** What you should do **
Transcribe the data verbatim and drop its images.

(Captioned web image data)
================================
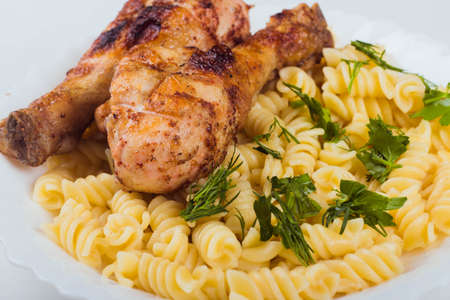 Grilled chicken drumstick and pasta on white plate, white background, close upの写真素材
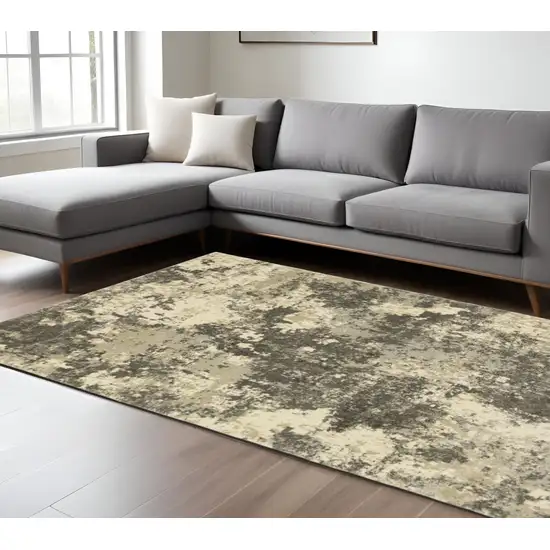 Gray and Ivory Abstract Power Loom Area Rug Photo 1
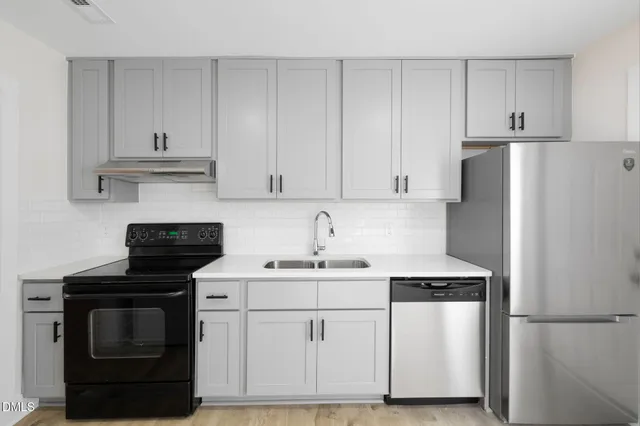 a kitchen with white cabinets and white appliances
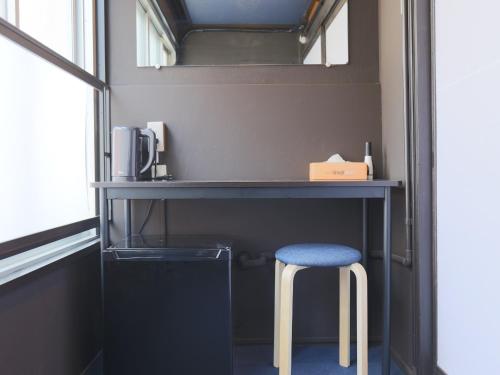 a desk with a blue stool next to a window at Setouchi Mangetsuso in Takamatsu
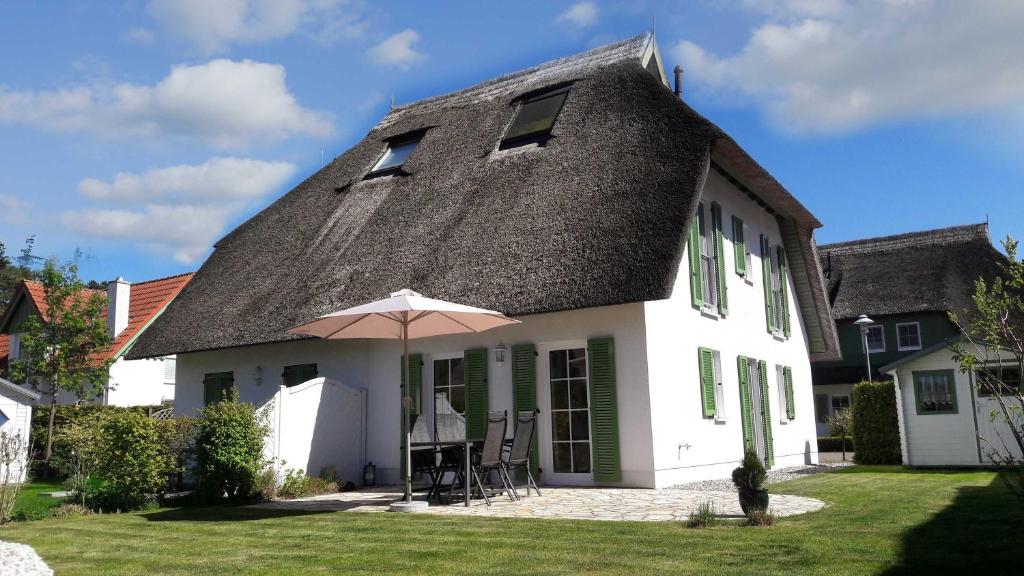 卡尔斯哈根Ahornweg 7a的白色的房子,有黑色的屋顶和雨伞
================================
** Result **
 Grilled chicken drumstick and pasta on white plate, white background, close upの写真素材
 Gray and Ivory Abstract Power Loom Area Rug Photo 1
 a kitchen with white cabinets and white appliances
 a desk with a blue stool next to a window at Setouchi Mangetsuso in Takamatsu
 卡尔斯哈根Ahornweg 7a的白色的房子,有黑色的屋顶和雨伞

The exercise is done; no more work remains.